Leben im Rhythmus der Liturgie
Inhaltsverzeichnis
1. Worum geht es?
Die Welt soll Liturgie werden. Benedikt XVI
Vorwort: Wenn Benedikt XVI. sagt, die Welt soll Liturgie werden, meint er, dass das menschliche Leben zu einem Ort der Begegnung mit Gott, der Anbetung und der Verherrlichung Gottes werden sollen, so wie es im Zentrum jeder gottesdienstlichen Liturgie geschieht. Alles alltägliche Leben wird so liturgisch, weil es sein Zentrum, seinen Ursprung im Handeln Gottes gefunden hat. Dass die Welt Liturgie werden soll, klingt zunächst sehr abstrakt, aber Benedikt XVI. meint damit keine Flucht aus dem Alltag, sondern eine Durchdringung des Alltags mit dem Geist der Liturgie. Das kann sehr konkret werden. Folgende Aspekte möchte ich diese Woche beleuchten:
1. Das Morgengebet als Eröffnung des Tages, wie ein liturgischer Einzug in den Alltag.
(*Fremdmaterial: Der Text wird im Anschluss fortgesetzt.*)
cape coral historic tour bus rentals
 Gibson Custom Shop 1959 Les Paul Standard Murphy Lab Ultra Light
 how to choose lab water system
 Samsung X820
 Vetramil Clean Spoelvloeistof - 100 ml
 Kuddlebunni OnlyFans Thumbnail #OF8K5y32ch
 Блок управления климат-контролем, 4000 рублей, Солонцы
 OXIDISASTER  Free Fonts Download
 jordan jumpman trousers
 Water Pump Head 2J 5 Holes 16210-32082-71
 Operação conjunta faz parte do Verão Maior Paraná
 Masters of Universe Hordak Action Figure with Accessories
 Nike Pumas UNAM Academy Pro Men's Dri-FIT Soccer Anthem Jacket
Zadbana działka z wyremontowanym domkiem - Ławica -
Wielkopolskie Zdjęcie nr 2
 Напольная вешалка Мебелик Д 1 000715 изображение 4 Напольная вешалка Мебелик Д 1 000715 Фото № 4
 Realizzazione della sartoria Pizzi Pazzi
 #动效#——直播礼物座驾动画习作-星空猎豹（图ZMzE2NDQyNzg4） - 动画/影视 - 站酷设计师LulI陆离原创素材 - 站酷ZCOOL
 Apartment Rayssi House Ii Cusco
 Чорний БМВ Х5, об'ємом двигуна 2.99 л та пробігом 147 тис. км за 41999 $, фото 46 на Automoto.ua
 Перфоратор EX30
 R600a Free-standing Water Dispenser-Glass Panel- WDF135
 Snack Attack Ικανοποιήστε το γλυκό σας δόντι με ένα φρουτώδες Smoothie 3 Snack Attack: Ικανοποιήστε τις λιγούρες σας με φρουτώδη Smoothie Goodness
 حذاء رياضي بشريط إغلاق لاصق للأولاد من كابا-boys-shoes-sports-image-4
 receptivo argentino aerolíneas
2. Das alltägliche Tun verstehen als Mitwirkung an Gottes Schöpfung und als Begegnungsort für Christus
3. Mahlzeiten mit dankenden Tischgebet in Erinnerung an das Mahl des Herrn, das wir sonntäglich feiern
4. Unterwegs sein in der Welt als Tempel Gottes, denn überall sucht Gott die Begegnung mit uns
5. Abendgebet als eine Vesper des Herzens, bei der man Gott den Tag zurückgibt.
6. Sonntäglicher Gottesdienst als Quelle und Ziel unserer Woche
1. Das Morgengebet
Hier bin ich, sende mich! Jes 6,8
Das Morgengebet als Eröffnung des Tages, wie ein liturgischer Einzug in den Alltag.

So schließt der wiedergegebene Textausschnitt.